Mine doesn't show 'overridden'. Maybe that note is a Merlin enhancement?

 

[Crimliar]

That could be it, I hadn't looked hard enough to realise you are not using the Merlin firmware. If you were, your original image would have looked like:

Doing everything I can to minimize image size

 

[bbunge]

Well, Crimliar, you added a wrinkle. Mine shows the two non-DoT servers. Bug?

Different firmware. Merlin firmware shows more information than Asus firmware in the Internet Status area.

The WAN DNS Servers are used when the router boots up. They are needed to get the time set on the router from a time server.

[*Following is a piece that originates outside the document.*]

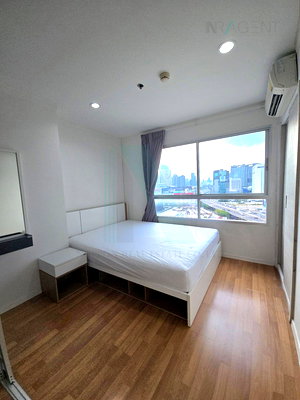 Condos for sale Chaturathit Road : For Sell Condo LUMPINI PARK RAMA 9 - RATCHADA Building A, Floor 16,1 bed room, Room size 26 sqm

With DoT enabled the router will use each DNS over TLS Server in turn then start over. That is called Roundrobin. So, if you have two servers entered it will use server 1 then server 2 then back to server 1 and so on.

Up to 8 servers can be used but two from the same provider is recommended unless you use IPV6 then it is a good ides to alternate IPV4 and IPV6 servers of the same provider.

 

[NoLight]

Are you having any issues with Quad9?

I tried to switch to the ECS 9.9.9.11 enabled one on a AC68U with Merlin and a AX86U Pro with stock, and both had the same issues with DoT enabled and disabled.

The ISP is IPv4 only, yet Quad9 kept trying their IPv6 servers first, which meant DNS would just die and nothing loaded until it would eventually use the IPv4 address.

I only had his issue with quad9, I tried with 4 other DNS providers with no problem.

 

[Justinh]

It seems like domains randomly won't resolve, so I have to hit reload on the browser. If I tell Firefox to use NextDNS I don't have this problem.

How did you determine Quad9 was trying IPv6 servers first?

 

[NoLight]

Ipleak.net

Every other DNS provider would only show IPv4 servers. Quad 9 always shows IPv6 ones first, and eventually it will hit IPv4 ones.

 

[Tech9]

Ipleak.net

What is your browser default on this page?

 

[Justinh]

IPv4

 

[NoLight]

What is your browser default on this page?

IPv4 only, yet it shows IPv6 servers for quad 9. They are the only DNS provider that the issue happen with. I assume it's some configuration on their server end, as every single other DNS provider works as it should.

 

[Tech9]

Interesting. Quad9 from my location used to send on a trip to other countries. Haven't checked lately what vacations agency they have teamed up with.